TREASURE OF THE BLUE WHALE

by Steven Mayfield

Pub Date: April 1st, 2020
ISBN: 978-1-64603-004-0
Publisher: Regal House Publishing

The appearance of an ocean blob causes folks in a small seaside town to believe that they are all rich in this comic novel.

On the first day of summer vacation in 1934, a mysterious and malodorous blob washes up on the beach of Tesoro, California. Ten-year-old Connor O’Halloran manages to reach the lumpy mass even before the local lighthouse keeper, thus establishing his claim over it—though just what it is he doesn’t know. “The mass was large—as broad as the base of a giant redwood tree and nearly as tall as me,” remembers Connor, now narrating the story as an elderly man. “It smelled of manure and barnacles and was certainly the most disgusting object I had ever encountered.” The lighthouse keeper tells him it’s ambergris—a valuable discharge from whales used by the perfume industry—and that it may well be worth millions. News of the find quickly makes its way through the seaside town that the O’Halloran family, which includes Connor’s mentally ill mother, Mary Rose, and his 6-year-old brother, Alex, is rich. The generous Connor decides that he will share the wealth with the town—it’s the height of the Depression, after all—and the citizens of Tesoro immediately set about figuring out how to sell the thing. When town miser Cyrus Dinkle offers lines of credit to all the families so that they can start spending their money now, a buying spree of epic (and opulent) proportions begins. Connor hopes that his share of the profits may be used to finally get a good doctor to end his mother’s bouts of mania and depression. But when he discovers that his mound of ambergris is actually mostly sewage, Connor and a few trusted others—who dub themselves the Ambergrisians—must figure out a way to prevent Dinkle from bankrupting the entire town.

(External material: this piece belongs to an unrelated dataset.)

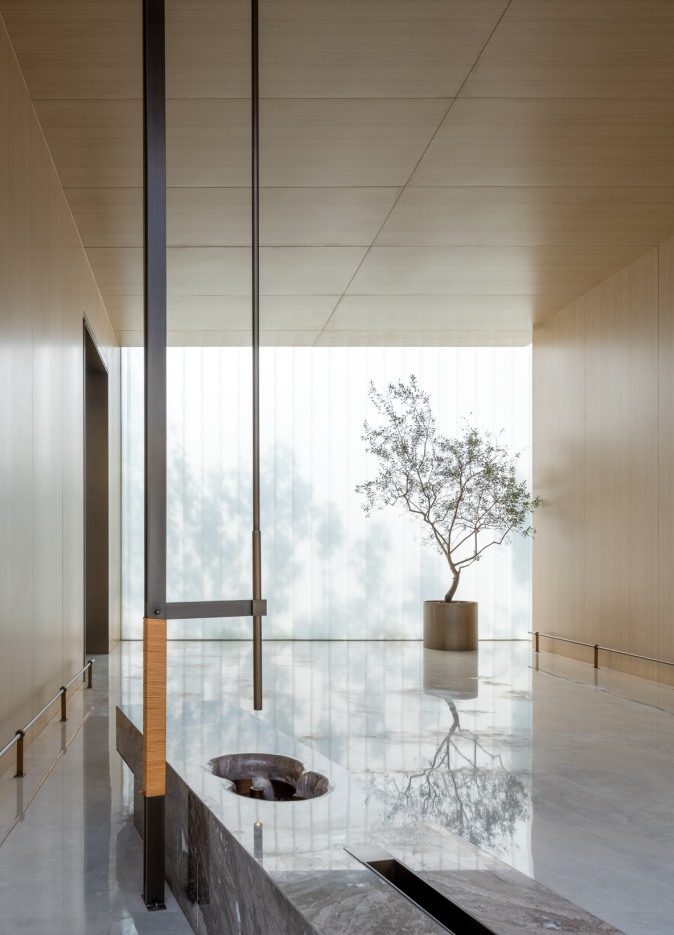 W.Design无间设计 | Shanghai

Mayfield’s novel has a wonderful tall tale quality, matched perfectly with its semifantastic, semibelievable pre–World War II American setting. Though the premise may sound middle grade, the mannerly prose style of the elderly narrator tips the story into the realm of adult literary fiction: “Every boy has a friend with an older brother happy to introduce an innocent younger sibling and his pals to pornography. Mine was Webb Garwood, whose brother Tuck had already initiated our education with a library of postcard photos depicting Rubenesque women and hairy men engaged in naked Greco-Roman wrestling.” There is a warmth and energy to the author’s depiction of his characters, particularly the town midwife, Miss Lizzie Fryberg, who becomes Connor’s mentor in his schemes. Likewise, Tesoro’s population of oddballs and colorful personalities means that someone intriguing is always entering or exiting the scene. There are a few moments when the pacing lags or the prose becomes slightly too self-indulgent, but generally, the story moves with a purpose. Readers looking for a slightly stylized yarn of small-town drama will find much to enjoy in this charming book.

A whale of a tale concerning a boy who tries to lift everyone’s spirits.